Massive new study lifts the lid on top websites’ tracking secrets

track

So, just how tracked are you? Plenty, according to the largest, most detailed measurement of online tracking ever performed: Princeton University’s automated review of the world’s top 1,000,000 sites, as listed by Alexa.

But you probably knew there’s a whole lotta trackin’ goin’ on. What’s interesting (and sometimes surprising) are the details. Princeton’s Steven Englehardt and Arvind Narayanan have captured the clearest picture of third-party web tracking that we’ve ever seen.

To begin, huge numbers of folks are trying to track you: 81,000+ third-party trackers appeared on at least two of the top million sites.

However, only 123 trackers showed up on at least 1% of those sites:

The number of third parties that a regular user will encounter on a daily basis is relatively small. [Moreover], all of the top 5 third parties, as well as 12 of the top 20, are Google-owned… Google, Facebook, and Twitter are the only third-party entities present on more than 10% of sites.

Englehardt and Narayanan find “a trend towards economic consolidation” – fewer but larger third-party trackers. In their opinion, that’s actually good news for privacy advocates, as these “are large enough entities that their behavior can be regulated by public-relations pressure and the possibility of legal or enforcement actions.”

Any evidence for that optimism? Maybe you remember our coverage of the uproar surrounding the use of Adobe Flash Local Shared Objects to respawn HTTP cookies you chose to delete. According to Englehardt and Narayanan, this controversy has led many large third-party trackers to abandon the practice.

So… according to the Princeton review, who tracks most? That’ll be news, arts, and sports sites, which typically provide content for free and “lack an external funding source, [and] are pressured to monetize page views with significantly more advertising.”

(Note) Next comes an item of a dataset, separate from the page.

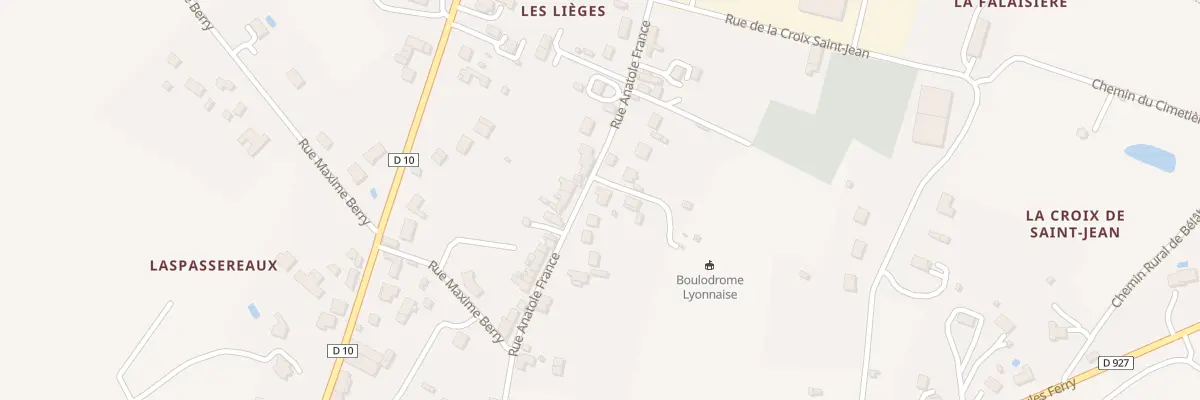 Plan du 30 Rue Anatole France à Bélâbre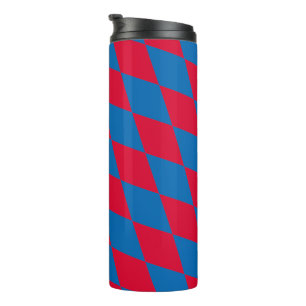 Bouteilles Isothermes Drapeau diamant Bavière bleu et rouge Motif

And who tracks least? “Mostly sites which belong to government organizations, universities, and non-profit entities… websites [that] may be able to forgo advertising and tracking due to the presence of funding sources external to the web.” Oh, and adult sites, too.

Next, Englehardt and Narayanan turned to fingerprinting: techniques for individually identifying anonymous site visitors based on the unique characteristics of their hardware and software. (Check out our detailed primer on fingerprinting here.) The researchers wanted to know: Is it really being used in the wild? How widely? Which techniques?

They began with HTML Canvas fingerprinting, reflecting subtle differences in the way browsers and devices render HTML5 Canvas-based images. Canvas fingerprinting showed up on 14,371 sites – far more than a similar measurement in 2014.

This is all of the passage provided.